PROBLEM TO SOLVE »
The answer should hold only the lines from the one that contains "Modway Revive Modern" through the last line of the material, repeated exactly, without pictures.

[[ EXERCISE MATERIAL open ]]

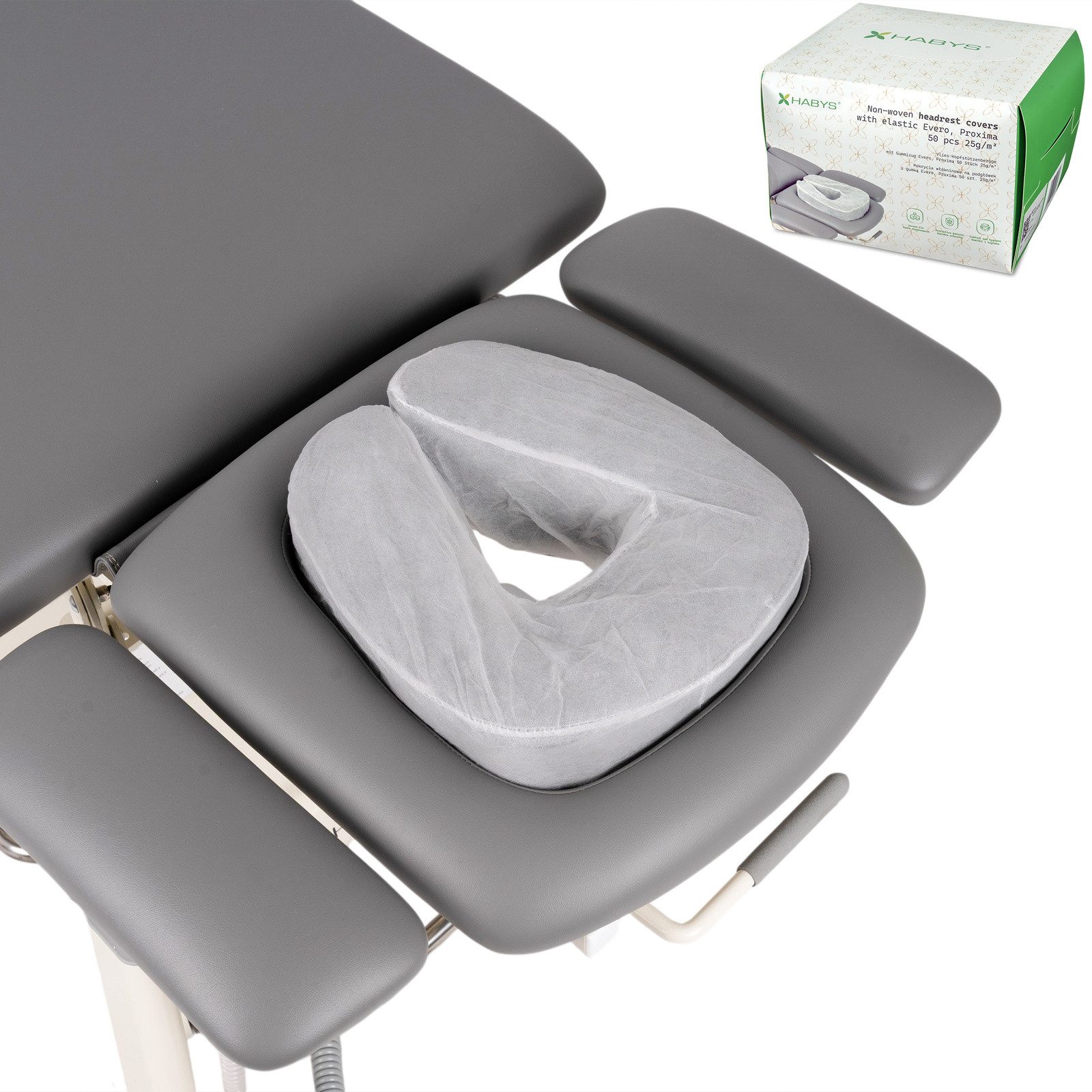 Habys Massageliege Einweg-Kopfstützenbezüge aus Vlies, für Evero & Proxima, 50 Stück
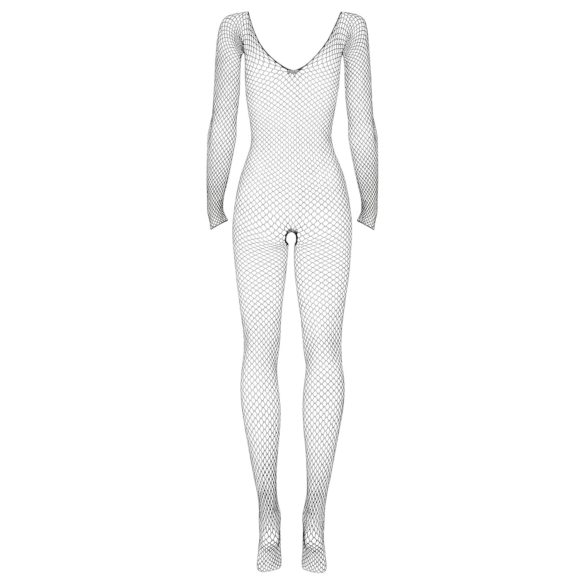 Obsessive N109 - hosszúujjú, nyitott necc overál - fekete (S-L)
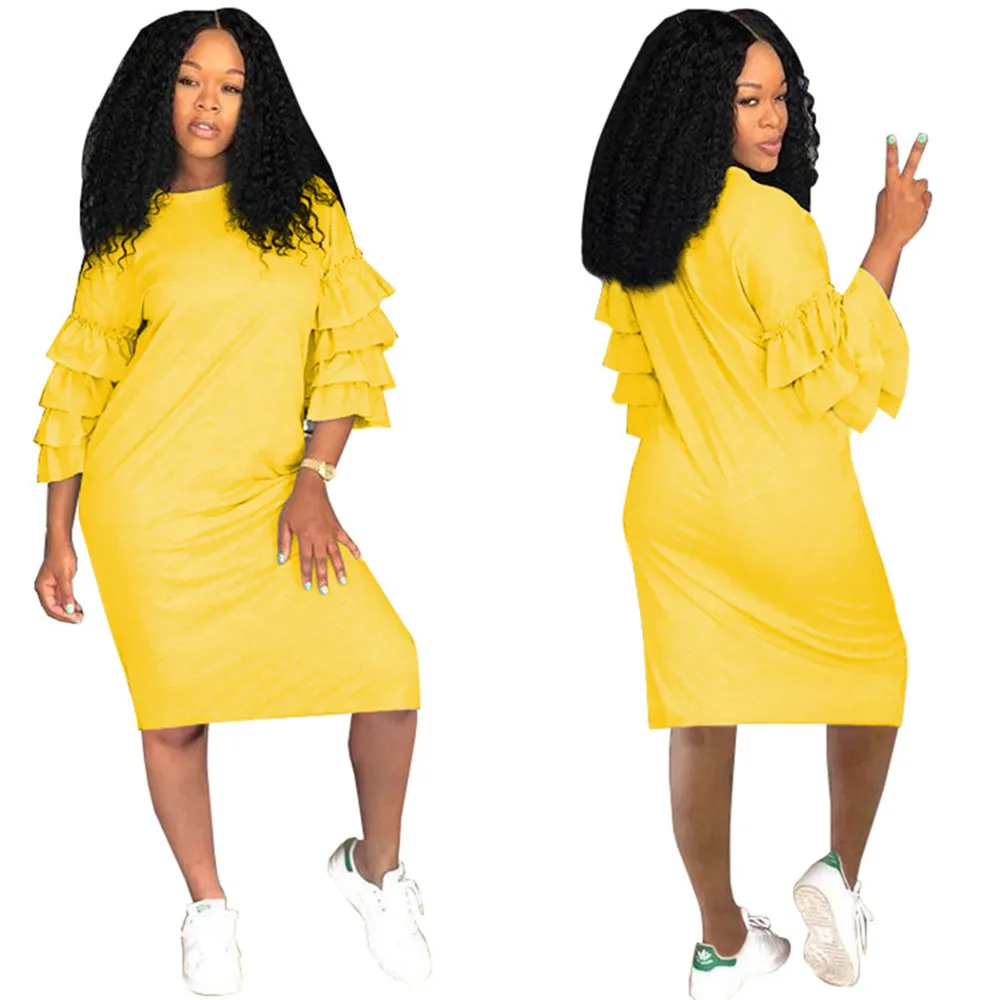 Женские весенние Свободные повседневные платья с рукавами 2020 модное платье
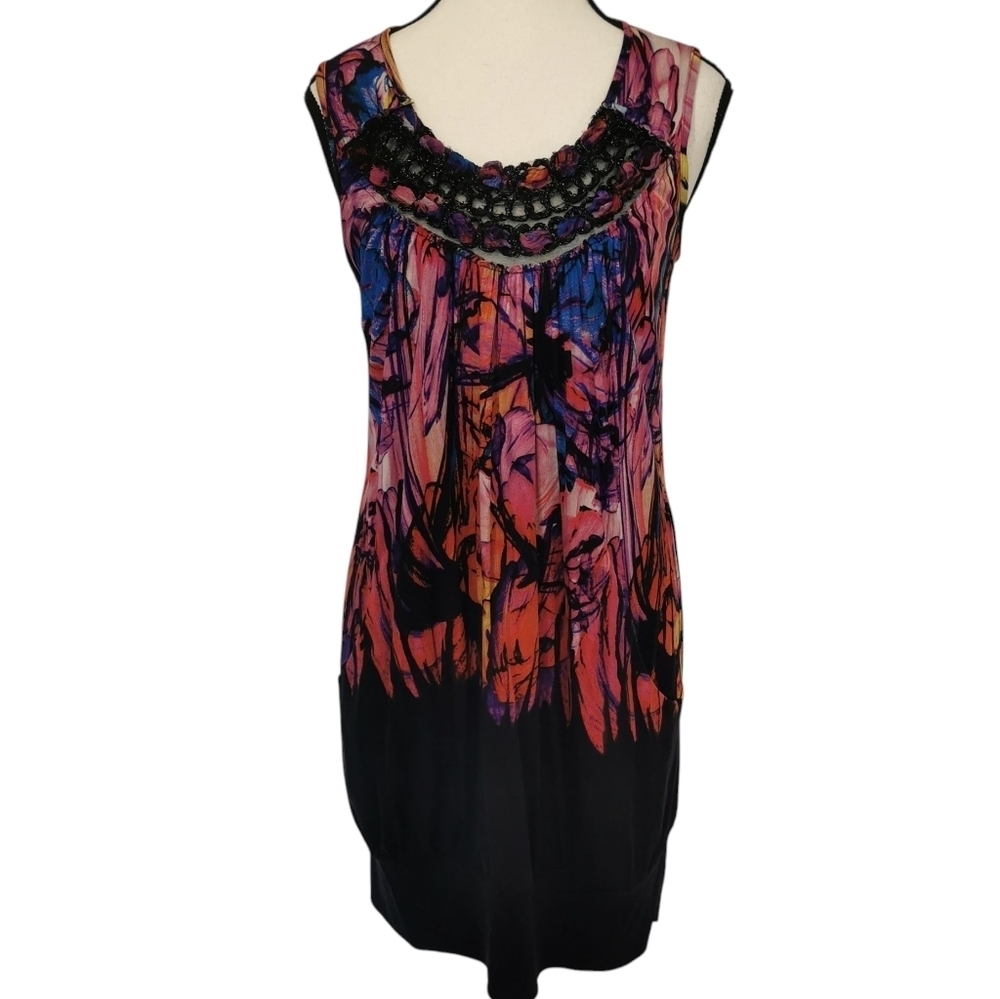 Albert Makali Sleeveless Embellished Scoop Neck Multicolour Mini Dress - Sz M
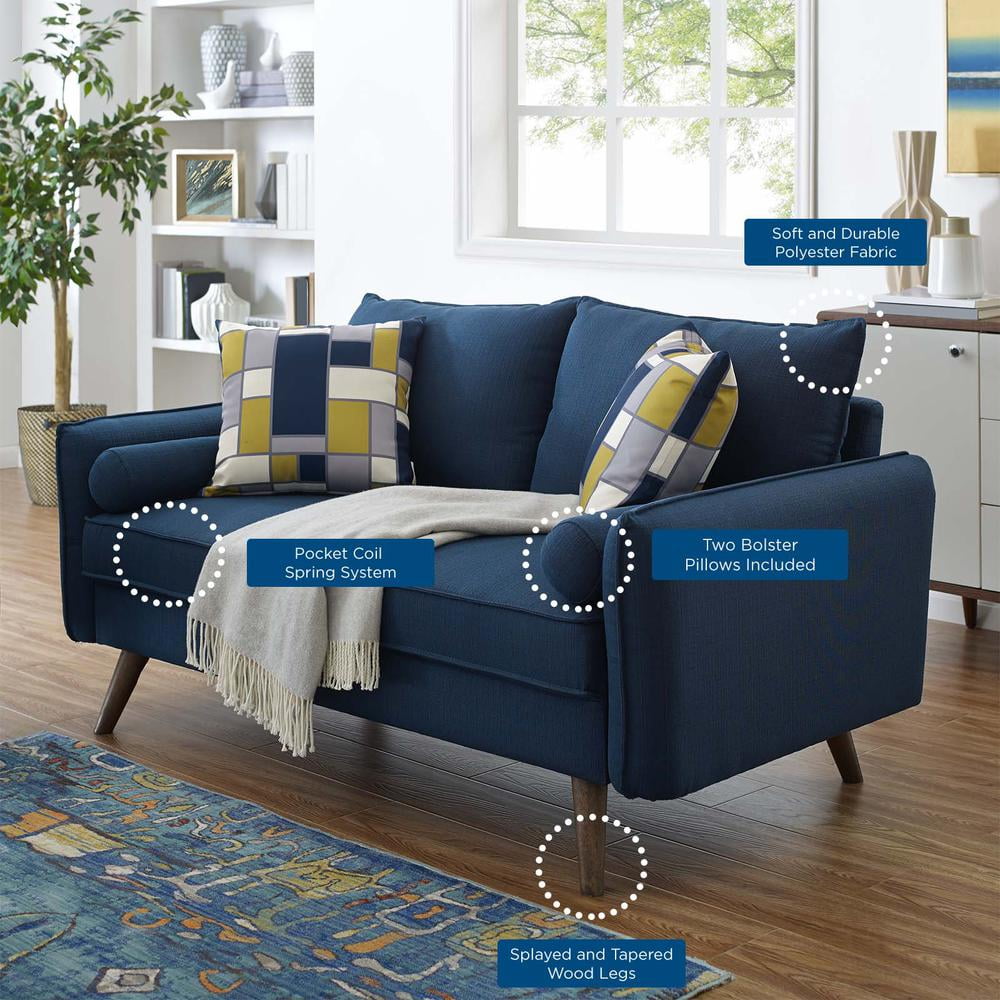 Modway Revive Modern Fabric Upholstered Loveseat in Walnut/Azure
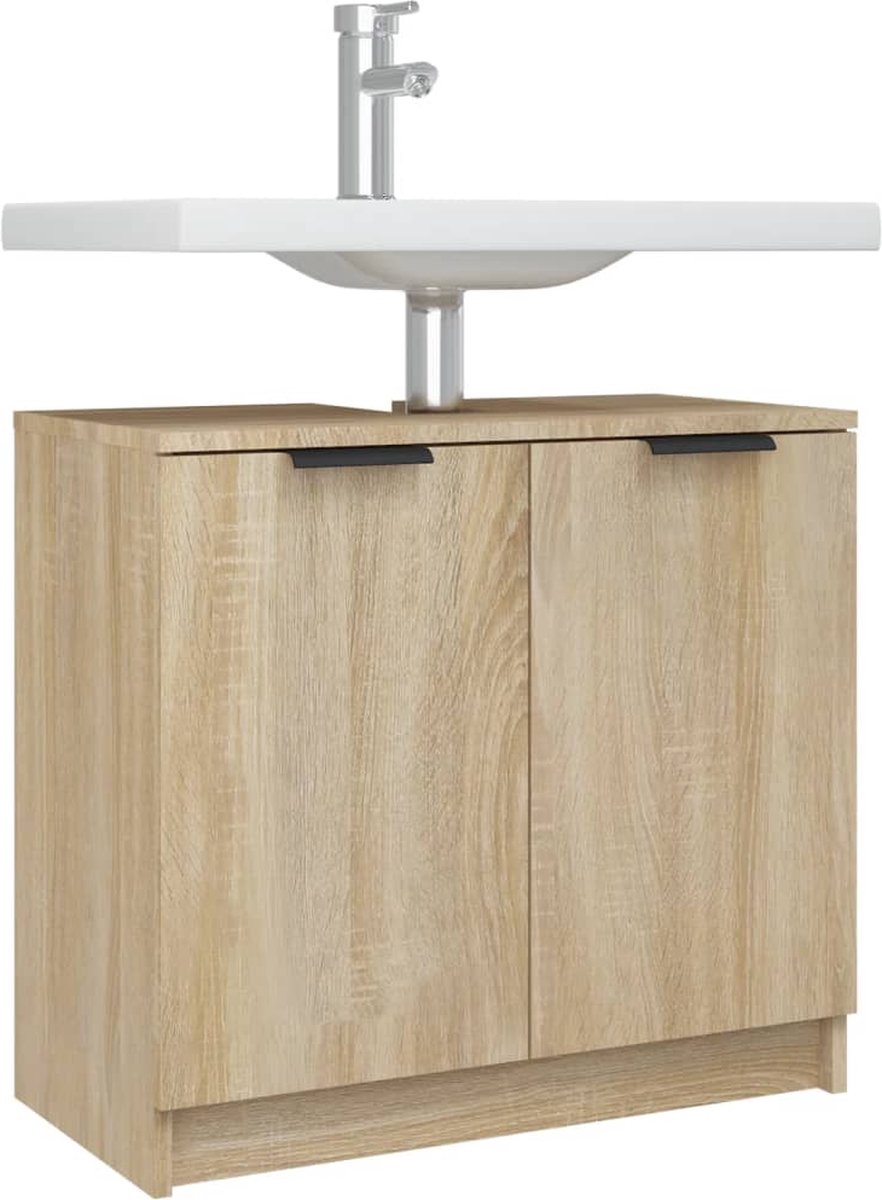 Vidaxl Badkamerkast 64,5x33,5x59 Cm Bewerkt Hout Sonoma Eikenkleurig - Bruin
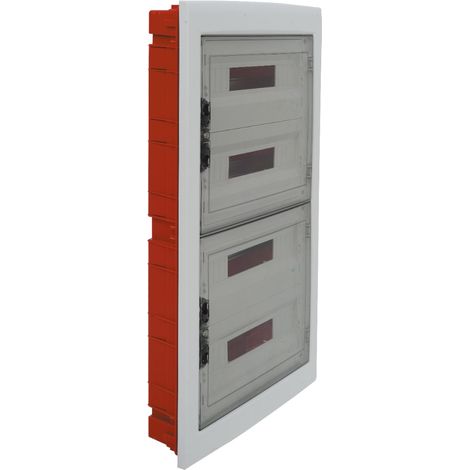 ETTROIT 72-Modul IP40 Unterputz-Elektroverteiler mit transparenter, rauchgrauer Tür RAL 7030 - DB110972 (1/2)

[[ EXERCISE MATERIAL closed ]]

REPLY TO THE TASK »
 Modway Revive Modern Fabric Upholstered Loveseat in Walnut/Azure
 Vidaxl Badkamerkast 64,5x33,5x59 Cm Bewerkt Hout Sonoma Eikenkleurig - Bruin
 ETTROIT 72-Modul IP40 Unterputz-Elektroverteiler mit transparenter, rauchgrauer Tür RAL 7030 - DB110972 (1/2)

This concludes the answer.